Supplied records:
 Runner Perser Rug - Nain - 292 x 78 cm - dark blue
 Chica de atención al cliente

--

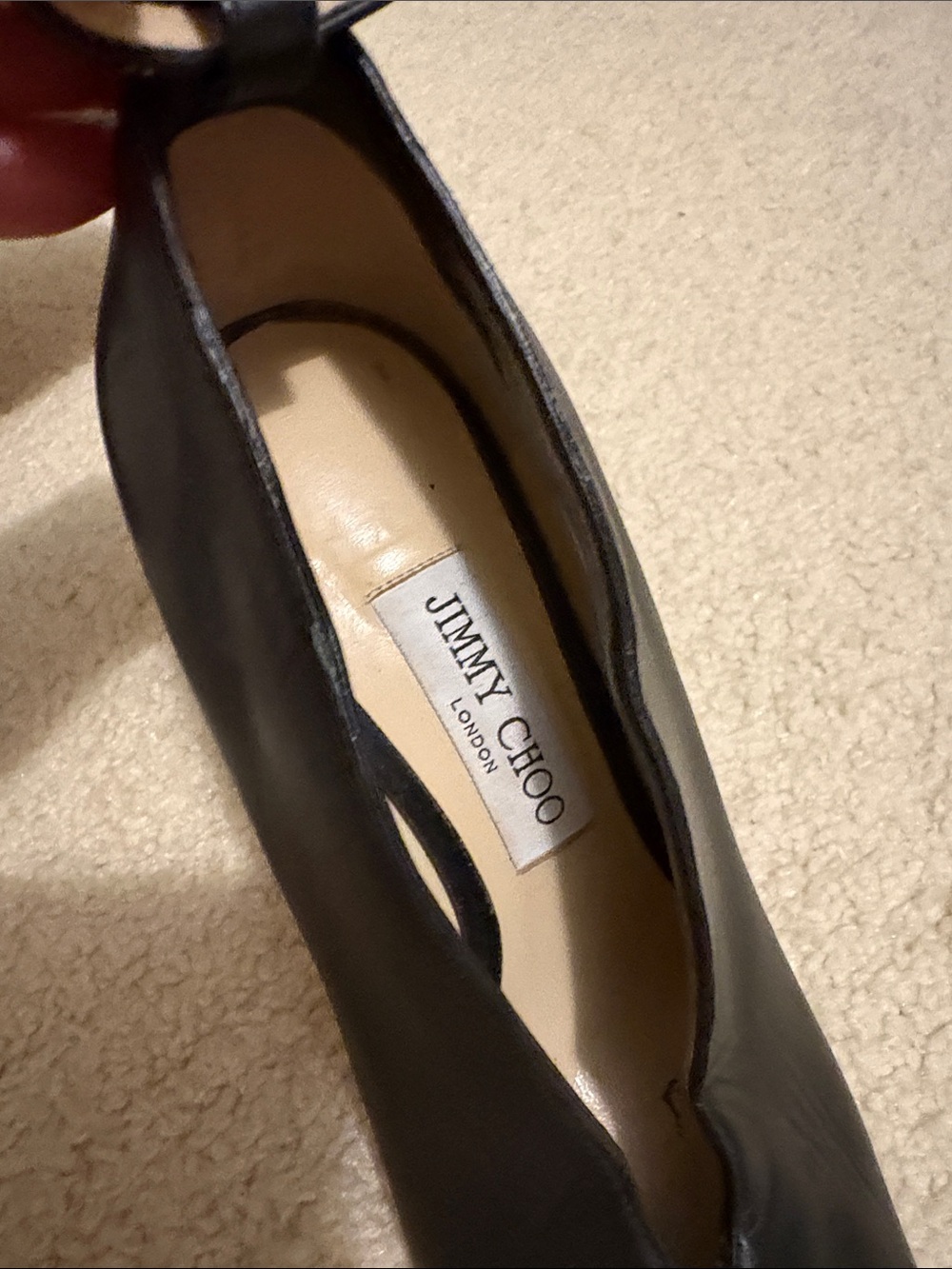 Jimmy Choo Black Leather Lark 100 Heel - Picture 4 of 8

...

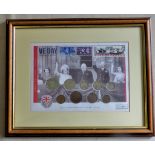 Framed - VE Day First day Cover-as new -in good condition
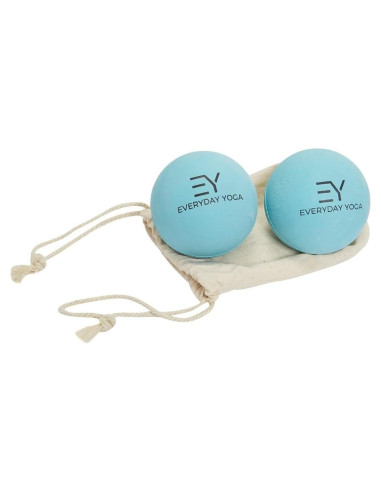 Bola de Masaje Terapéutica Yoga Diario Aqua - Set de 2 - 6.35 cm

About this exercise:
Every line above between the one containing "Framed - VE" and the one containing "Bola de Masaje", those two included, is to be printed exactly. No pictures go into the copy.

Answer:
 Framed - VE Day First day Cover-as new -in good condition
 Bola de Masaje Terapéutica Yoga Diario Aqua - Set de 2 - 6.35 cm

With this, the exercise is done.